Lake was at one time more than four times the size of Lake Superior

Contributed photo
Lake Agassiz was more than four times the size of Lake Superior.

By Tom Hintgen

Otter Tail County Correspondent

This is the second in a series of articles about how the Ice Age and Lake Agassiz impacted Otter Tail County and other areas of west central Minnesota.

Many people driving along Highway 210 just west of the Fergus Falls municipal airport, as noted in our first story, visualize what was once the shoreline of the massive Lake Agassiz.

This huge lake, 12,000 years ago, was more than four times the size of Lake Superior. Eventually, at the end of the Ice Age, a channel to the north drained Lake Agassiz into Hudson Bay. 

“This left lakes Winnipeg, Manitoba and Lake of the Woods as remnants,” says local historian Jim Welander, a Fergus Falls jeweler of 53 years. 

He studied Lake Agassiz, earning Bachelor and Master’s degree credits in Geology at the University of North Dakota.

“The Ice Age lasted thousands of years,” said Welander, “and Otter Tail County had three major glaciations.”

Welander pointed out a rich local Native American history that includes harvesting Lake Agassiz fish spawning in what later became the Otter Tail River.

“This must have been an annual spring event for hundreds of years right at our waterfalls in downtown Fergus Falls,” Welander says.

Unfortunately, Indians had no written language. However, a fine place to view the spring spawning fish migration, mid-April, is the Pomme De Terre River spillway at Tipsinah Mounds Park east of Elbow Lake.

Minnesota has the oldest rocks on Earth, namely Ely greenstone and Morton granite which are 2.7 billion and 3.8 billion years old.

“Otter Tail County’s billion-year-old bedrock is an igneous rock called Diorite, similar to St. Cloud granite,” Welander says. “Both are fine building stone. Diorite’s composition is white colored plagioclase feldspar with black specs of iron and magnesium minerals.”

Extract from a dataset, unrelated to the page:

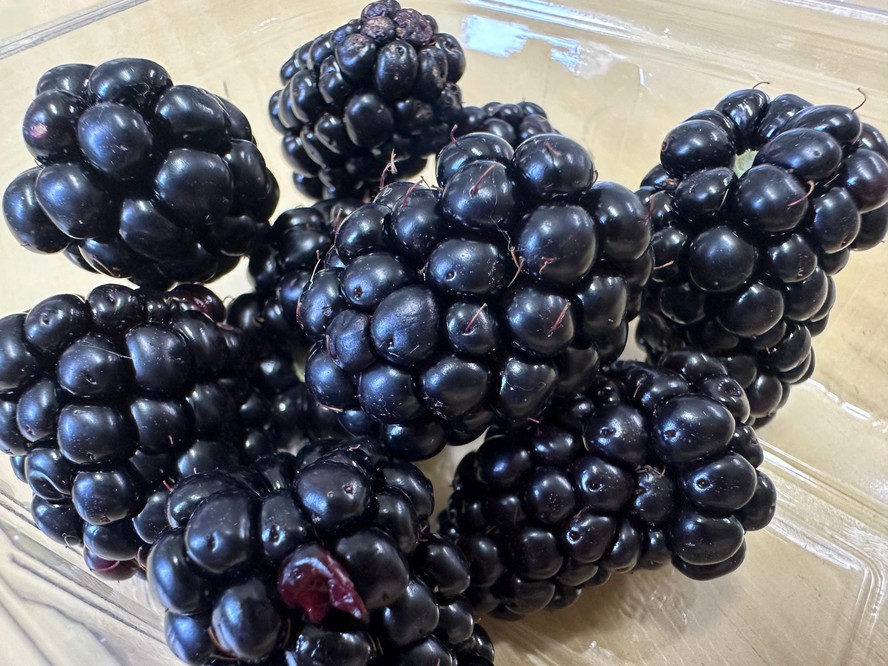 BRS Terena é mais doce do que a variedade Tupy, a mais cultivada no Brasil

Adds Welander, “This bed rock is covered with 300-400 feet of glacial till, from glaciers ending 12,000 years ago. This makes Otter Tail County a most unique area.”

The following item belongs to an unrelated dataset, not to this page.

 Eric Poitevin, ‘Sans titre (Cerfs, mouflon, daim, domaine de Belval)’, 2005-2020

Glacial activity in Otter Tail County is seen in many area lakes, and in smoothed glacial till gravel. North of Otter Tail County, glacial gravel thins to exposed bed rock. The same is true traveling east and south.

“We are gifted with an unlimited supply of smooth gravel, pleasant to the touch,” Welander says. “Other areas of the United States use crushed rock for fill, flower beds and landscaping, which is sharp and rough.”

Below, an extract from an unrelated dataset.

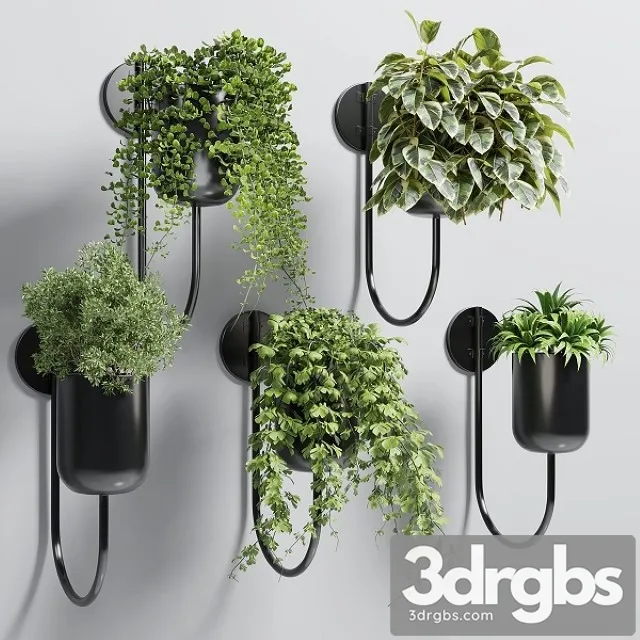 Collection Indoor Plant 135 Vase Metal Stand Wall Plant 3D Model Free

In 1995-96 a Canadian mining company, Cominco, explored our area by aerial magnetic mapping of the bedrock. A tool was used to identify ancient volcanos with potential diamond deposits, under the cover of glacial till.

A site was identified in Champion Township, Wilkin County, 18 miles west of Western Township, Otter Tail County.

“Core drilling was done to explore what lay below some 300 feet of till,” Welander said. “What was discovered is proprietary data of Cominco. They have a mineral claim in Wilkin County, which may or may not be worth pursuing.”

Other volcanic deposits may exist in Otter Tail County bedrock.